Tuesday, March 31, 2026

MAN WAS NOT MADE FOR THE ECONOMY

A few weeks ago, a boda rider I often meet told me business had improved. Fuel prices had stabilised, rides were more frequent, and on a good day he could take home sh30,000. “Things are better,” he said, with a shrug that suggested cautious optimism.

But as we talked, the cracks appeared. His children had missed school the previous term over fees. The household still cooked on charcoal. Water came from a shared source two lanes away. When he fell sick last year, treatment meant borrowing from a savings group. Better income, yes. Better life? Not quite.

Last week, the Uganda Bureau of Statistics (UBOS) released the Multidimensional Poverty Index (MPI) 2024 report a fresh and long-overdue look at our development story.

For years, we have measured poverty by what is in people’s pockets. The MPI forces a more uncomfortable question: what is missing from their lives?

That shift matters.

"Uganda’s poverty debate has long been framed in narrow terms. Traditionally, we have not even measured poverty by income, but by consumption—how many calories one can afford. If a household can meet minimum food requirements, it is deemed non-poor. By that logic, our boda rider is improving.

But this has always been a flawed lens. Calories can fill the stomach, but they do not power a home, educate a child, insure a family, or connect a business to opportunity.

Western economies, by contrast, define poverty far more broadly—by living standards: access to electricity, clean water, education, healthcare, financial services, and the opportunities these unlock. Poverty there is not just about survival; it is about participation in a modern economy.

And that difference has quietly given us a false sense of progress.

We have celebrated declining poverty rates while ignoring the fact that millions remain locked out of the very systems that create prosperity. The economy has grown—telecoms crossing the billion-dollar revenue mark, banks posting record profits, capital markets deepening—but the lived experience of many Ugandans has changed far more slowly.

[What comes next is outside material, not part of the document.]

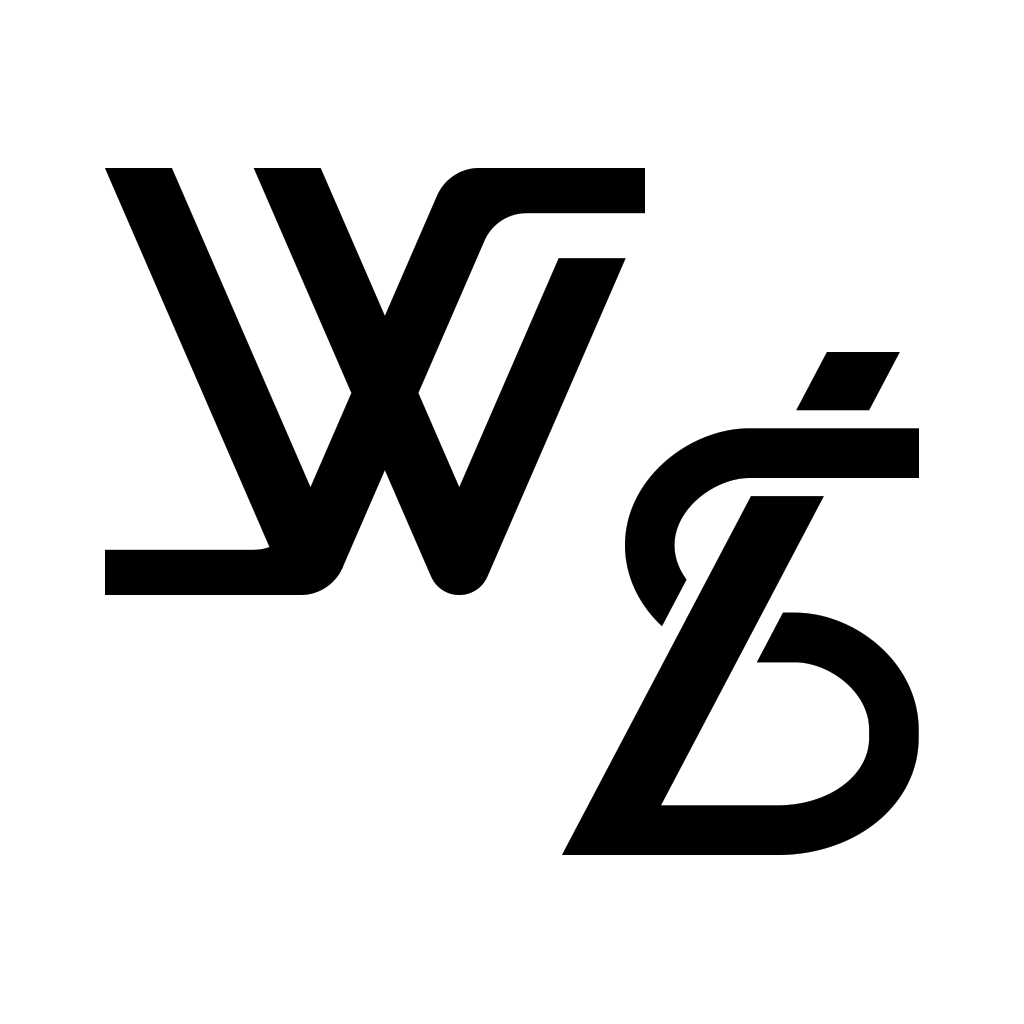 화이트샌즈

The MPI is an attempt to correct that distortion.

By design, it moves beyond income to capture deprivation across education, health, basic services, and living standards. It asks whether a child is in school, whether a household has electricity, whether it can access clean water, whether anyone has health insurance, whether the family is financially included. In short, it measures not just survival—but capability.

This is not new territory for this column.

Over the years, we have returned to a recurring theme: Uganda’s growth story is uneven. It is clear that we can grow this economy even in our sleep—we are currently the enjoyintg the longest stretch of economic growth since 1900. The last time the economy did not grow was in 1985.

We have seen sectors thrive while households struggle. We have told the story of the supplier crippled by domestic arrears, the small business starved of credit, the household one illness away from collapse.

What the MPI does is connect these dots.

It shows that poverty in Uganda is not merely about low income—it is structural. A household may earn something, but still be deprived in multiple dimensions at once: no electricity, poor schooling, no financial access, inadequate housing. These are not temporary setbacks; they are constraints that limit productivity, opportunity, and ultimately growth.

In that sense, the MPI confirms what has long been evident beneath the surface: Uganda’s economy is generating value, but not yet distributing the ability to create value.

Take financial inclusion. For years, we have argued that access to banking and mobile money is not a luxury, but an economic necessity. The MPI now formally recognises this—classifying households without access to financial services as deprived. That is a significant conceptual shift.

The same applies to infrastructure. When we write about water, sanitation, or electricity, it is often framed as a business issue—the cost of doing business. The MPI reframes it as a household issue: without these basics, individuals cannot participate meaningfully in the economy.

And then there is employment. Not just whether people work, but the quality and stability of that work. Growth without jobs—or with precarious jobs—creates the illusion of progress without its substance.

"The MPI does not solve these problems. But it does something equally important: it changes the question...

Instead of asking, “How many Ugandans are poor?” it asks, “In how many ways are Ugandans deprived?”

That distinction is crucial.

"Because once you see poverty as multidimensional, the policy response must also change. It is no longer enough to chase GDP growth or expand incomes at the margins. The focus must shift to systems: education that works, healthcare that protects, infrastructure that connects, financial systems that include.

Markets alone will not deliver this. Nor will the state acting in isolation. It requires a coordinated approach—public investment, private innovation, and institutional discipline.

Encouragingly, some of the building blocks are already in place. The expansion of mobile money, the push toward digital banking, the gradual extension of electricity access—these are steps in the right direction. But they need to scale, and they need to connect.

At its core, the MPI is a reminder of a simple but often forgotten truth, to paraphrase the good book – man was not made for the economy but the economy was made for man.